Question 2. Which choice completes the text so that it conforms to the conventions of Standard English?

  • A) see: ✓
  • B) see,
  • C) see;
  • D) see and

Explanation: Everything before the blank is a complete clause, and the examples that follow spell out what observers see, so a colon introduces them (A). (B) a comma can't set up a list this way after a full clause. (C) a semicolon needs a full sentence after it, not a string of examples. (D) "and" just tacks one more item onto the clause and blurs the list structure.

Text
Kintsugi, the Japanese practice of mending broken ceramics with gold-dusted lacquer, ______ each crack into part of the object's history rather than a flaw to hide.

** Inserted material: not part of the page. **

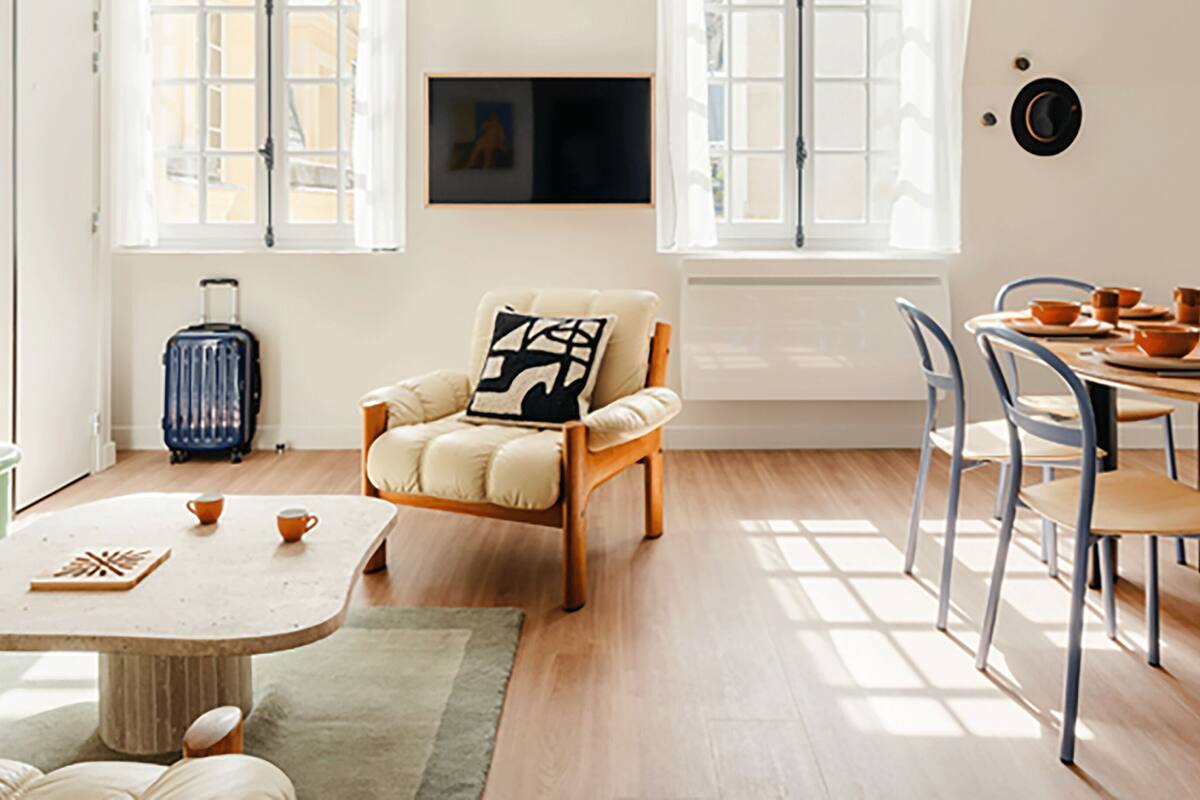 A cozy living room with a wooden sofa, a small round table, a dining table with chairs, a television mounted on the wall, and a window with curtains.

Question 3. Which choice completes the text so that it conforms to the conventions of Standard English?

  • A) turn
  • B) have turned
  • C) turns ✓
  • D) are turning

Explanation: Strip out the modifiers and the subject is just "Kintsugi," which is singular, so the verb is the singular "turns" (C). (A) "turn" is pulled toward the plural "ceramics" inside the modifier rather than the singular subject. (B) "have turned" and (D) "are turning" both use plural verb forms that don't match a singular subject.

Text
Fibonacci's 1202 book showed that Hindu-Arabic numerals could simplify both ______ daily calculations.

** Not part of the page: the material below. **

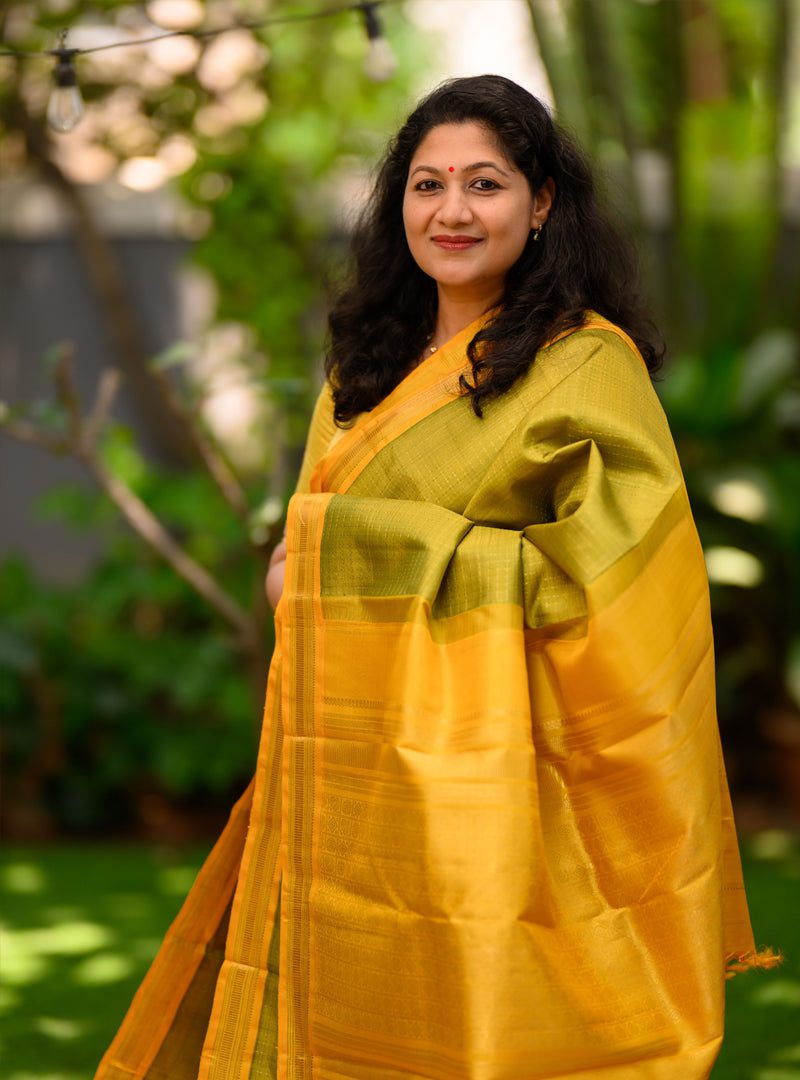 A Vintage  plus butta kanchivaram in light Green and yellow.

Question 4. Which choice completes the text so that it conforms to the conventions of Standard English?

  • A) merchant's and money changer's
  • B) merchants and money changers
  • C) merchants' and money changer's
  • D) merchants' and money changers' ✓

Explanation: Merchants and money changers are two separate plural groups, and each owns its own calculations, so both words are plural possessives: "merchants' and money changers'" (D). (A) uses singular possessives, but each names a whole group. (B) drops the apostrophes the possession needs. (C) leaves "money changer's" singular while making "merchants'" plural.

Text
Because no single butterfly lives long enough to complete the round ______ monarchs that reach Mexico are three or four generations removed from those that left it.

Question 5. Which choice completes the text so that it conforms to the conventions of Standard English?

  • A) trip; the
  • B) trip, the ✓
  • C) trip. The
  • D) trip the

Explanation: "Because no single butterfly lives long enough to complete the round trip" is a dependent clause, so it joins the main clause with a comma (B). (A) a semicolon can't follow a dependent clause. (C) a period cuts the "Because" clause off as a fragment. (D) running the two parts together with no mark leaves the sentence fused.